Try it -
Give again, exactly as written, the lines of the records below from the line with "And, finally, I" to the line with "This project is". Both end lines count; pictures do not.

Given information -
%%

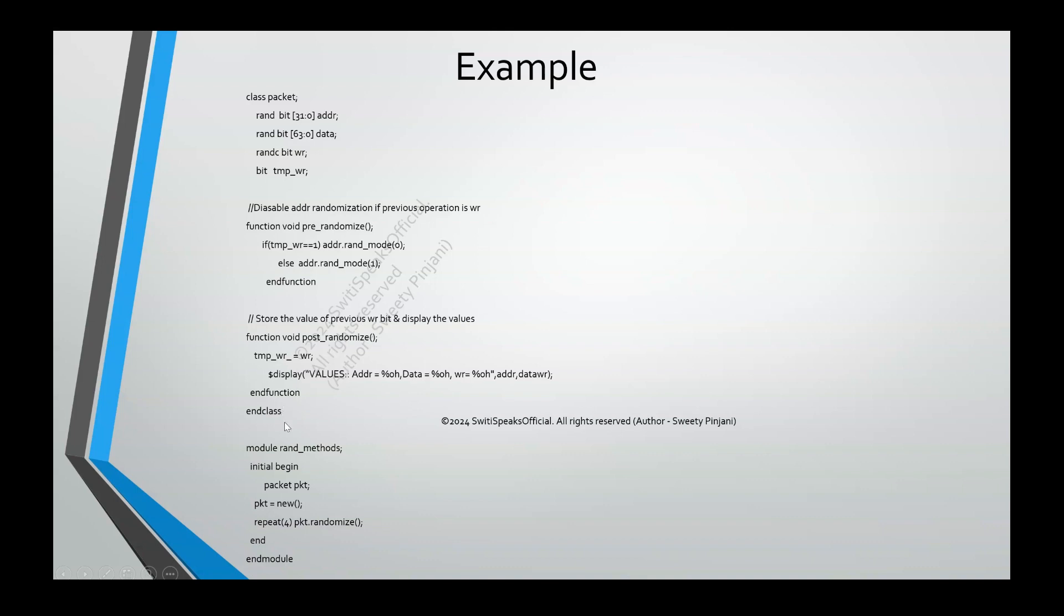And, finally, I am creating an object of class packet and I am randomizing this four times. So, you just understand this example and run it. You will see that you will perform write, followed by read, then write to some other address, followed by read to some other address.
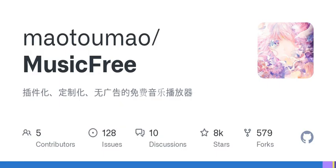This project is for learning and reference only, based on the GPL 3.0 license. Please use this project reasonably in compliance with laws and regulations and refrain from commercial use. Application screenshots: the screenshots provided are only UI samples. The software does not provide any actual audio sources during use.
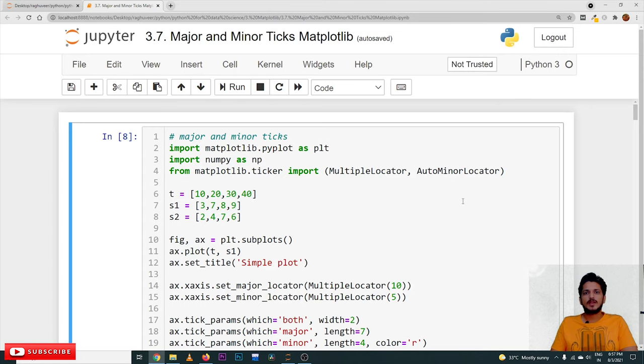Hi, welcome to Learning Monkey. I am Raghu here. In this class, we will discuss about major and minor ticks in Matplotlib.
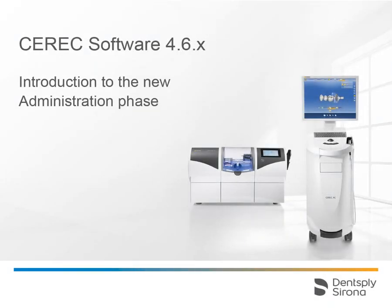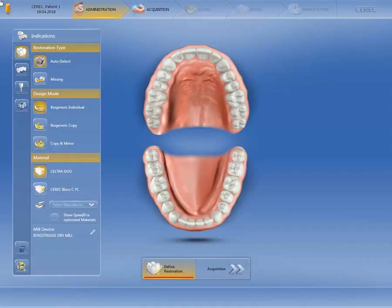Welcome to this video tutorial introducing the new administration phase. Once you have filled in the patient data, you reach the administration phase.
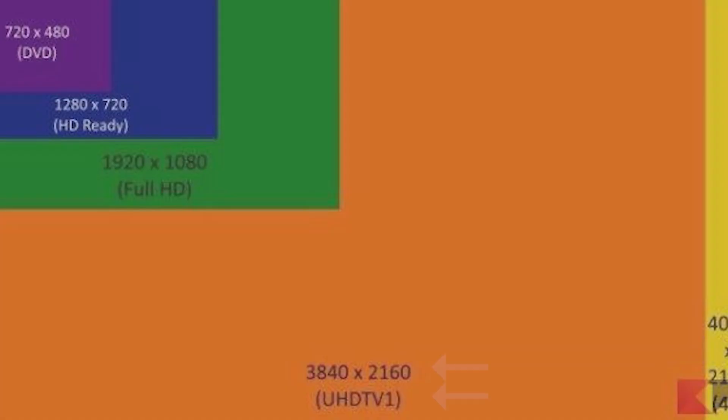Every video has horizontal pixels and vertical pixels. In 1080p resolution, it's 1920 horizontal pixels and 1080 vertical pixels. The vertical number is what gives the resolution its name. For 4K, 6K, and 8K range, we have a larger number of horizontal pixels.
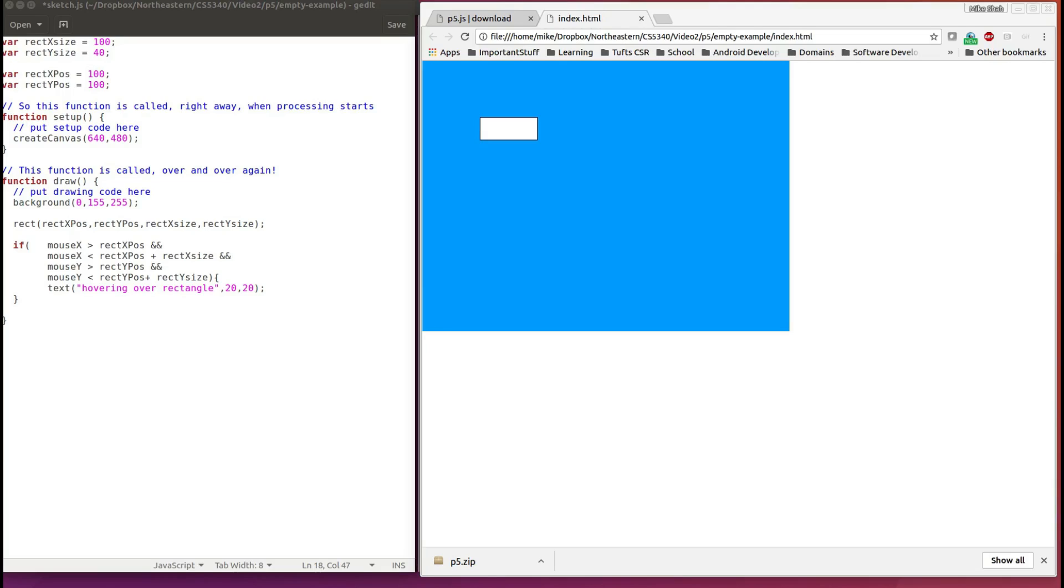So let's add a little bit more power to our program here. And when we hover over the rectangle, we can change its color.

%%
%%

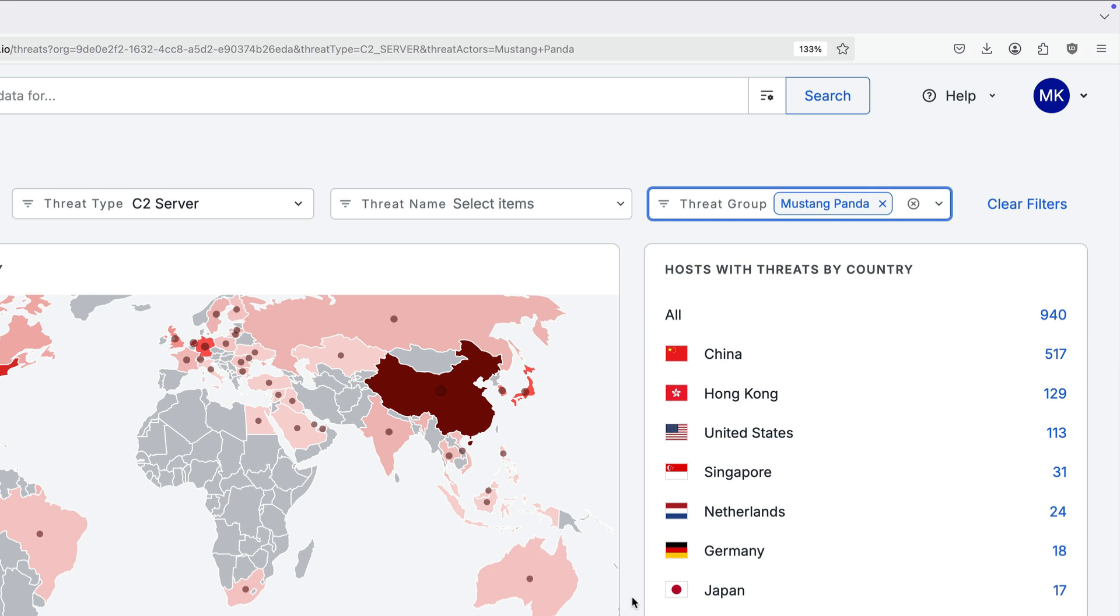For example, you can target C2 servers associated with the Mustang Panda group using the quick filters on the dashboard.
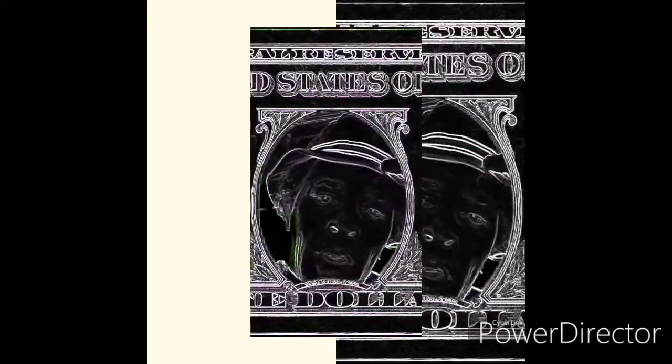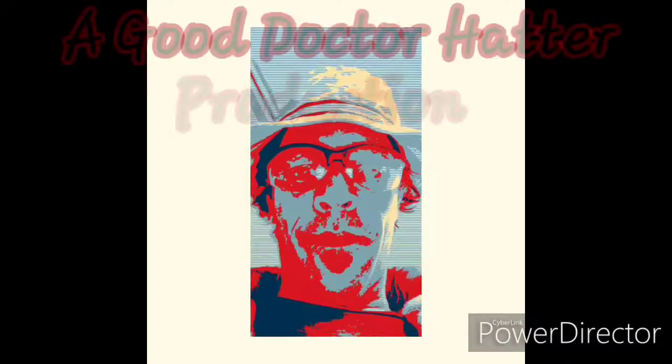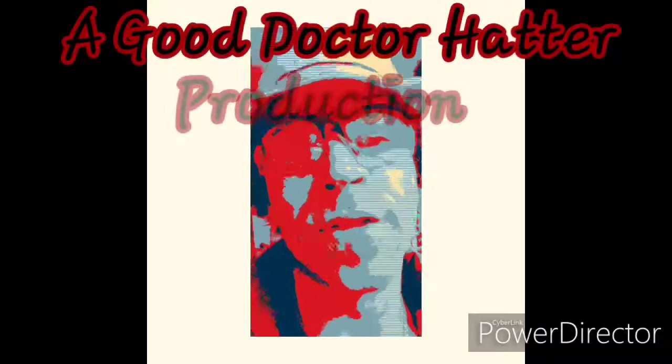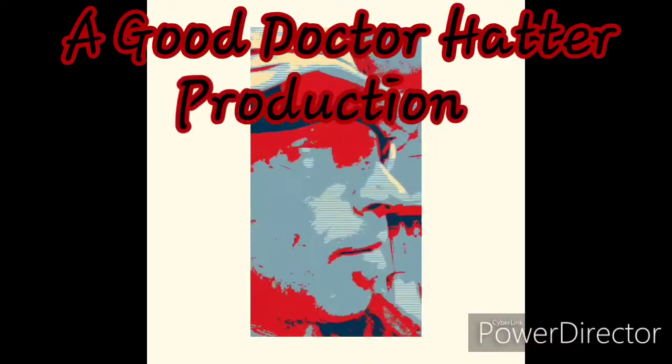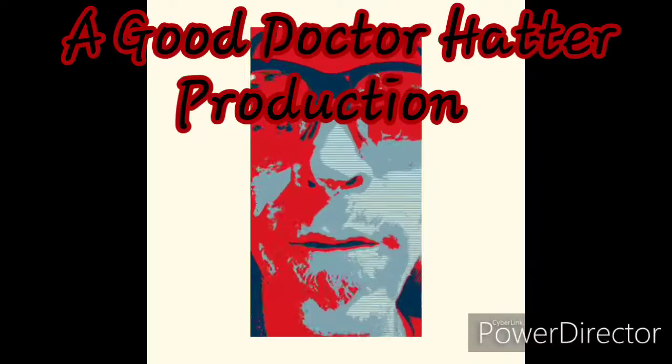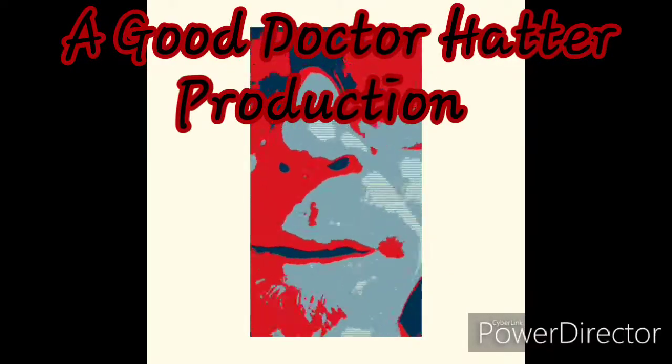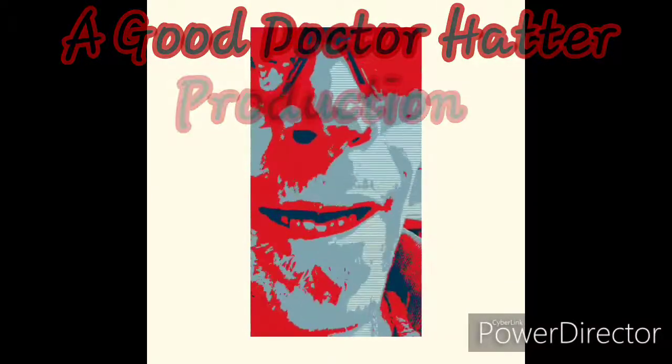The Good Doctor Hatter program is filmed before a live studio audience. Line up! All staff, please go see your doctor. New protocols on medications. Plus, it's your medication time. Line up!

%%

Solution -
And, finally, I am creating an object of class packet and I am randomizing this four times. So, you just understand this example and run it. You will see that you will perform write, followed by read, then write to some other address, followed by read to some other address.
This project is for learning and reference only, based on the GPL 3.0 license. Please use this project reasonably in compliance with laws and regulations and refrain from commercial use. Application screenshots: the screenshots provided are only UI samples. The software does not provide any actual audio sources during use.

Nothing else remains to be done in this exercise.